How will Ravens replace Lewis and Reed?
There are lots of hours to fill on the NFL Network and space to eat up on NFL.com, so they end up doing things like listing the most underrated and overrated players all-time for each team. We didn’t happen to catch the Ravens’ version the first time around, but it was being featured at NFL.com Wednesday morning.
And the answers are: Ray Lewis and Jamal Lewis. You can probably figure out who’s which.
Dave Dameshek goes strictly by the version of Ray Lewis we saw in the last seasons of his career to tag him as the franchise’s most overrated player. Now, no one is going to argue that the No. 52 of the final years was the same search-and-destroy linebacker from earlier in his career. But Ravens fans would likely find Dameshek’s assessment a bit harsh.

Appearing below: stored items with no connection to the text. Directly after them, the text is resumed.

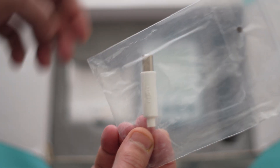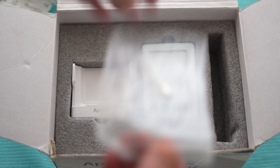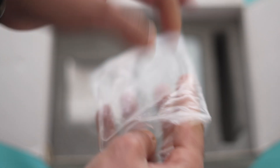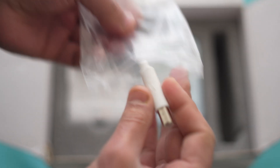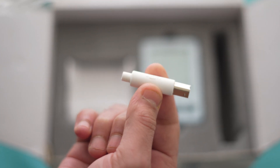The last thing the Apex locator comes with is this checker. This is an important tool that comes with the Apex locator — it shows you that your Apex locator is ready to use. How to use this checker I will show you later in this video.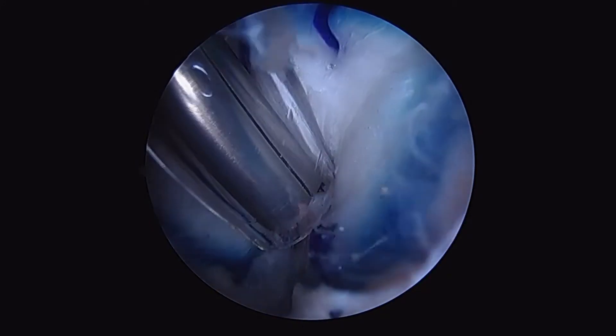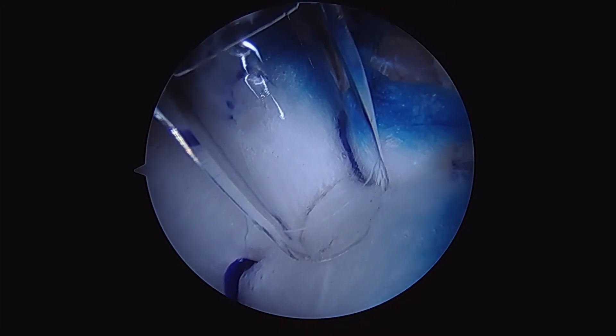Here you can see we're pushing the graft down into the position we want. We can rotate it, and then we'll insert our staple to secure that position. We're utilizing the trocar as well as the staple inserter to push the graft down into the position we want.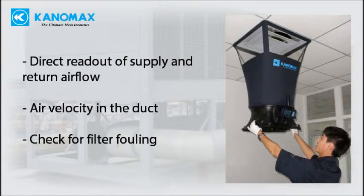Direct readout at supply and return airflow. Air velocity measurement in the duct. Check filter fouling by measuring differential pressure.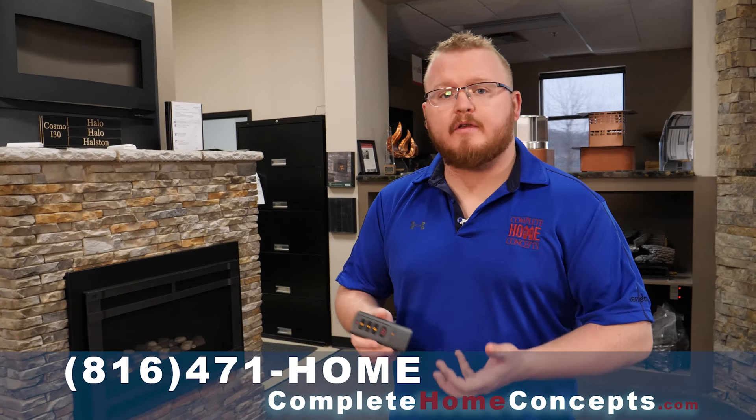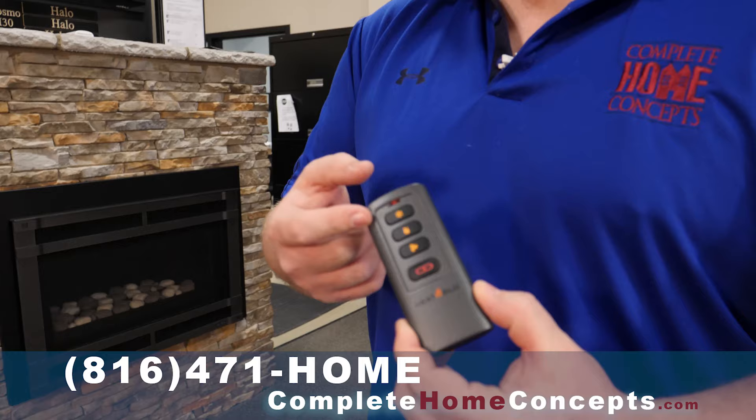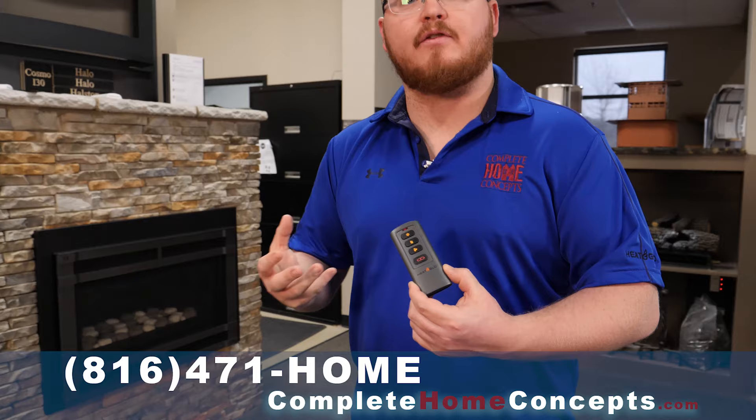With fireplace remotes — with Heat and Glow, Quadrafire, Heatilator — it's very common to get a branded RC200. With the RC200, you're going to have an on/off button, flame button, fan button, and a temperature setting. All of those are going to be present if your specific fireplace has those features.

“At his best, in his prime, he was unlike any middle linebacker I’ve ever seen,” Dameshek said. “Sideline to sideline, the speed was like nothing else, a guy that size could chase down anybody any size, any skill position.”
Uh-oh, now here it comes.
“But the fact of the matter is, in the waning years of his career, Super Bowl ring notwithstanding … he was not an especially effective football player. He was good in the locker room before the game. He was good for the inspirational, rah-rah stuff. Once it got in between the lines, all he was doing was dancing, and I didn’t see a whole lot else.

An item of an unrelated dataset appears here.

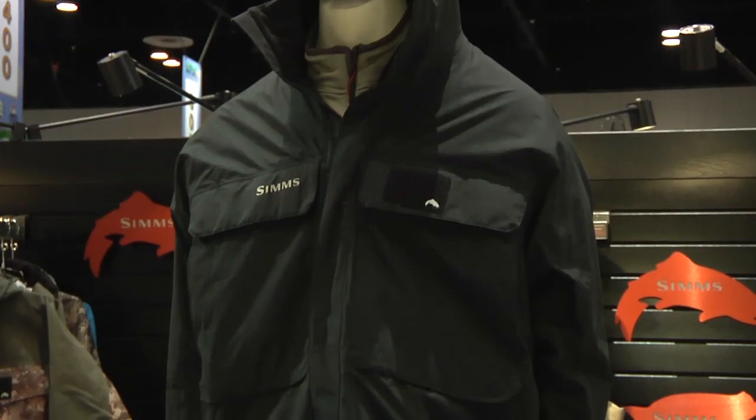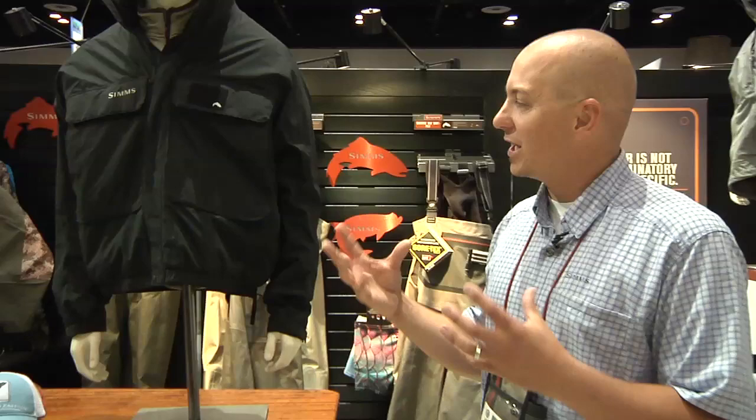It will be in black. It's completely waterproof and completely insulated with Primaloft. Primaloft is a down-like fabric, but unlike down, when it gets wet it does not lose its loft, so it maintains its warmth in the coldest of conditions.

“He was, in fact , a liability.”
Dameshek’s partner, Adam Rank, gives him a chance to backtrack, asking if Dameshek thought he would stick with that view in a few years.
“The entirety of his career, no,” Dameshek said. “The last five years of his career, yes.”
A liability for five years? Seems to me there were an awful lot of big plays still in those last five years.
As for most underrated, Rank has a better point in choosing Jamal Lewis. Outside of Baltimore, how many people even remember he had a 2,000-yard season (2,066 in 2003)?
“When people talk about the best running backs of the past 10-15 years, not a lot of people go with Jamal Lewis,” Rank said.
Jamal Lewis’ stature was hurt because of time lost to injury and his legal problems, but he was a rare combination of size and quickness and for a handful of seasons, as effective as any runner in the NFL.
“Make no mistake,” Rank said, “Jamal Lewis was one of the best running backs of his era.”